ASA attacks Tabcorp CEO’s $4.5m pay packet and urges a shareholder revolt against director
The Australian Shareholders Association is targeting Tabcorp’s executive pay for a second time, saying salaries don’t reflect its split with The Lottery Corporation.
Executives at wagering giant Tabcorp are paid too much, says the Australian Shareholder Association as it advises a vote against the company’s remuneration report for the second time.
The ASA is also advising shareholders to vote against the re-election of David Gallop as a Tabcorp director, after its concerns about executive pay fell on deaf ears.
“Mr Gallop is the chair of the nominations and remuneration committee. As such, he is responsible for overseeing remuneration,” the ASA said in its voting intentions.

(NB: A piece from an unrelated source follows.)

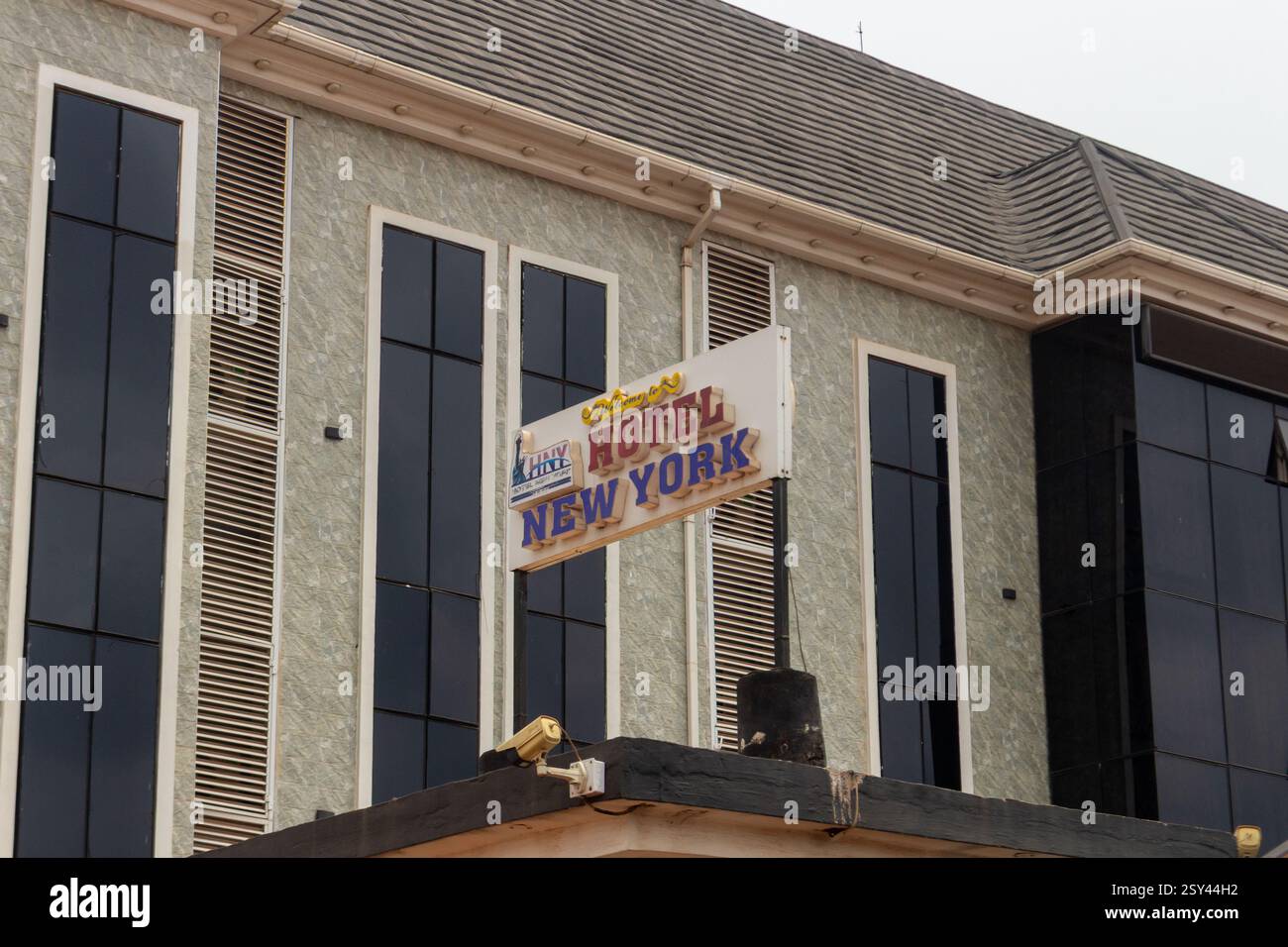 layout indipendente enugu, che mostra una combinazione di case commerciali e residenziali e viste delle strade che mostrano le persone Foto Stock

“We assess that the Tabcorp CEO and chairman are overpaid. Our concerns were raised with Mr Gallop last year, yet no meaningful change has been made by Mr Gallop and his committee. For this reason, the ASA proposes to vote against Mr Gallop’s re-election.”
This is despite the ASA highlighting the sport credentials of Mr Gallop, who is a Cricket NSW director and served as the National Rugby League’s chief executive from 2002 to 2012.
“He has qualifications in law and executive experience in the sports industry. He needs to roughly double his current shareholding to meet Tabcorp shareholding policy of one year’s fee value by, in his case, 2025. His workload is within ASA guidelines and he is considered independent,” the ASA said.
The ASA’s key issue is that Tabcorp’s remuneration framework has “not reflected the reduction in size and complexity of the company after the demerger with The Lottery Corporation”.
“We consider the remuneration levels of the CEO and chairman are excessive. This is best illustrated by Tabcorp market capitalisation shrinking by 77 per cent post demerger, yet CEO remuneration is down only around 10 per cent and chairman fees down 15 per cent.
“When the reverse happened in 2017 (Tabcorp acquiring Tatts), the CEO remuneration increased by 43 per cent and the chairman fee increased by 37 per cent.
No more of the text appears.